Des scientifiques révèlent que les forêts européennes perdent leur capacité à absorber le carbone depuis des années
Les forêts d'Europe ont perdu leur capacité à absorber le carbone ces dernières années en raison de divers facteurs analysés et quantifiés dans une étude récente du CSIC, le Conseil supérieur de la recherche scientifique.

L’intensification de l’exploitation forestière, la baisse des reboisements et les épisodes extrêmes de chaleur et de sécheresse comptent parmi les facteurs responsables.
Les forêts sont des alliées dans la lutte contre le changement climatique grâce à leur capacité à absorber le CO₂ de l’atmosphère et à le stocker sous forme de carbone dans les troncs, les feuilles, les racines ou le sol.
Elles couvrent actuellement près de 40 % du territoire de l’Union européenne et, entre 1990 et 2022, elles ont absorbé environ 10 % des émissions liées aux activités humaines.
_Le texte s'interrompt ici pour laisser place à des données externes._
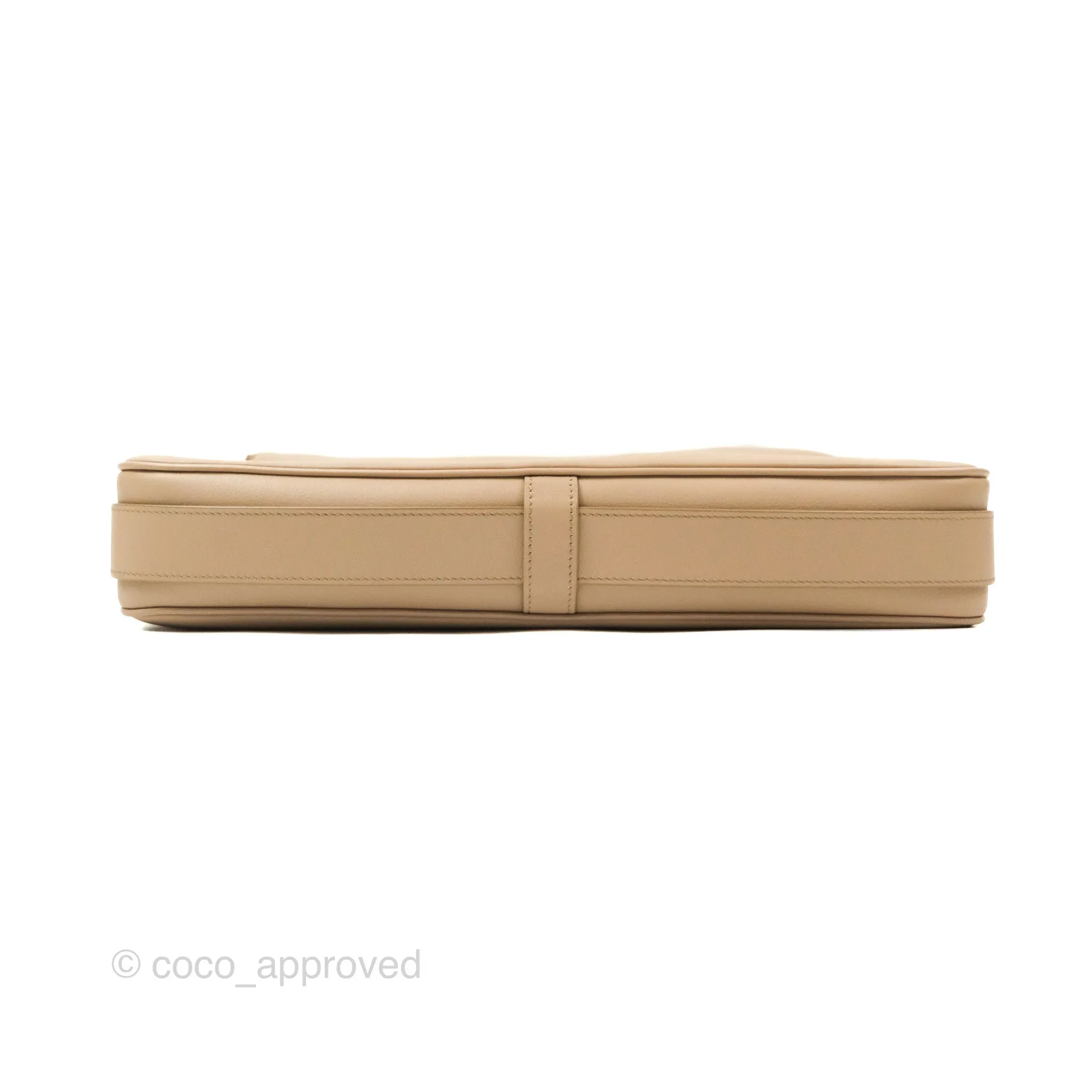 Celine Medium Romy Shoulder Bag Safari Supple Calfskin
Pourtant, un article récent publié dans la revue Nature, dirigé par Mirco Migliavacca, chercheur au Centre commun de recherche (JRC), avec la participation du CREAF et du CSIC, alerte sur le déclin de cette capacité de captation du carbone.
Ce constat met en péril les objectifs climatiques de l’Union européenne, qui prévoit d’atteindre la neutralité carbone d’ici 2050. Dans cette feuille de route, le règlement révisé sur le secteur LULUCF fixe un objectif d’absorption de 310 millions de tonnes de CO₂ équivalent à l’horizon 2030. Or, si l’on tient compte du déclin observé au cours des dix dernières années, cet objectif semble difficilement atteignable.
Facteurs du déclin
Les facteurs à l’origine de ce déclin sont multiples et souvent interconnectés. L’étude identifie comme principaux responsables : l’intensification de l’exploitation forestière, liée à une demande croissante de bois à l’échelle européenne et mondiale ; l’augmentation des perturbations naturelles telles que les incendies, les tempêtes et les ravageurs, souvent suivies d’abattages précoces pour récupérer le bois mort ou brûlé ; le ralentissement de l’expansion des forêts et la diminution des reboisements ; le vieillissement des peuplements forestiers, qui réduit leur capacité de croissance et d’absorption du carbone ; ainsi que les épisodes extrêmes de chaleur et de sécheresse, qui diminuent la photosynthèse et la productivité des arbres. Ces impacts peuvent avoir des effets durables sur plusieurs années, affaiblir les forêts et aggraver leur mortalité, entraînant une perte durable de leur capacité à séquestrer le carbone.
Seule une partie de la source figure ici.